In re the Claim of Smith

Spain, J.

Appeal from a decision of the Unemployment Insurance Appeal Board, filed December 28, 2004, which ruled that claimant was disqualified from receiving unemployment insurance benefits because he voluntarily left his employment without good cause.

Claimant was employed as the Assistant Commissioner of Human Resources for the New York City Department of Health and Mental Hygiene from January 5, 2004 until May 14, 2004. Shortly after he was hired, claimant made a number of unpopular decisions involving the transfer and termination of staff members. As a result, the employer received anonymous letters complaining about claimant, including one containing an implied threat. In addition, claimant received hang-up calls at work, his personnel file was missing for two weeks and, on one occasion, someone rang the outside doorbell at his apartment building but refused to speak on the intercom when claimant answered. To address the situation, the employer undertook its *847own investigation, requested caller identification for claimant’s telephone, began monitoring interoffice e-mail, conducted a staff meeting advising employees of the proper manner of airing complaints and, after receiving the threat letter, referred the matter to the New York City Police Department. When the ongoing police investigation did not produce any results after a month, claimant resigned from his position. His claim for unemployment insurance benefits was initially denied, but an administrative law judge overruled that determination after a hearing finding that claimant had good cause for leaving his employment. Following a further hearing, the Unemployment Insurance Appeal Board disagreed, ruling that claimant was disqualified from receiving benefits on the ground that he voluntarily left his employment without good cause. This appeal by claimant ensued.

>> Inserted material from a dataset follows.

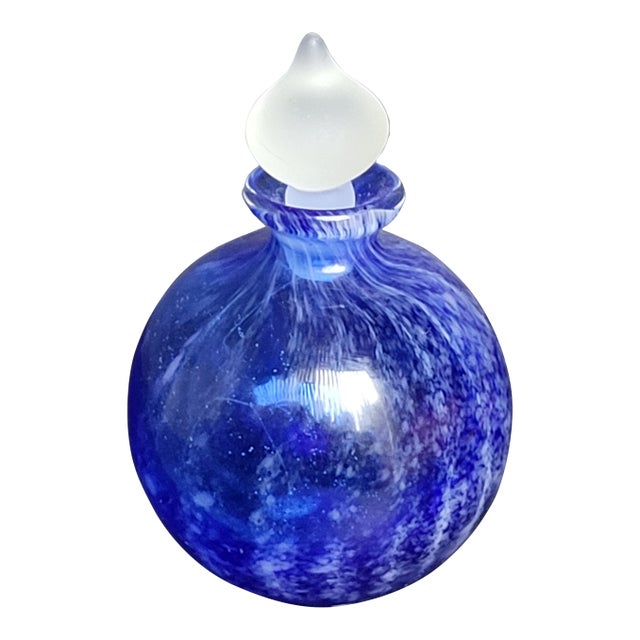 2000s Hand Blown Glass Perfume Bottle With Stopper For Sale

We affirm. Claimant correctly asserts that fear for one’s personal safety may constitute good cause for leaving employment, provided a reasonable basis exists for such fear (see Matter of Alexander [Commissioner of Labor], 19 AD3d 928, 929 [2005]). However, “[w]hether good cause exists for leaving one’s employment is an issue of fact for the Board, whose decision will be sustained if supported by substantial evidence” (Matter of Arroyo [Sweeney], 247 AD2d 745, 746 [1998]). Here, although a contrary result would not have been unreasonable, we cannot say that the Board’s decision is not supported by substantial evidence in the record. The three letters included in the record appear to be authored by different individuals and were not sent to claimant, but to his supervisor. The first two are letters, complaining about claimant and his impact on fellow employees, contain nothing which might be construed as a threat. The third letter, received by the employer on April 4, 2004, included the following: “[Claimant] thinks we do no work and that we are poor people. If you cannot do anything with him, we will and want [sic] be nice about it!” The employer perceived this final letter as a potential threat and took immediate action. Following the employer’s efforts thereafter to monitor and educate staff and the commencement of the police investigation, no further letters were received and the phone calls that claimant had been receiving ceased. Under these circumstances, we find that the Board’s decision that claimant did not have a reasonable basis to fear for his safety to be'adequately supported by the record (see Matter of Gully [Commissioner of Labor], 8 AD3d 792, 793 [2004], lv denied 4 NY3d 701 [2004], cert denied — US —, 126 S Ct 1020 [2006]; Matter of Weaver [Commissioner of Labor], 6 AD3d 857, 858 [2004]; Matter of De Witt [Commissioner of Labor], 288 AD2d 601, 602 [2001]).

*848Her cure, J.P., Carpinello, Lahtinen and Kane, JJ., concur. Ordered that the decision is affirmed, without costs.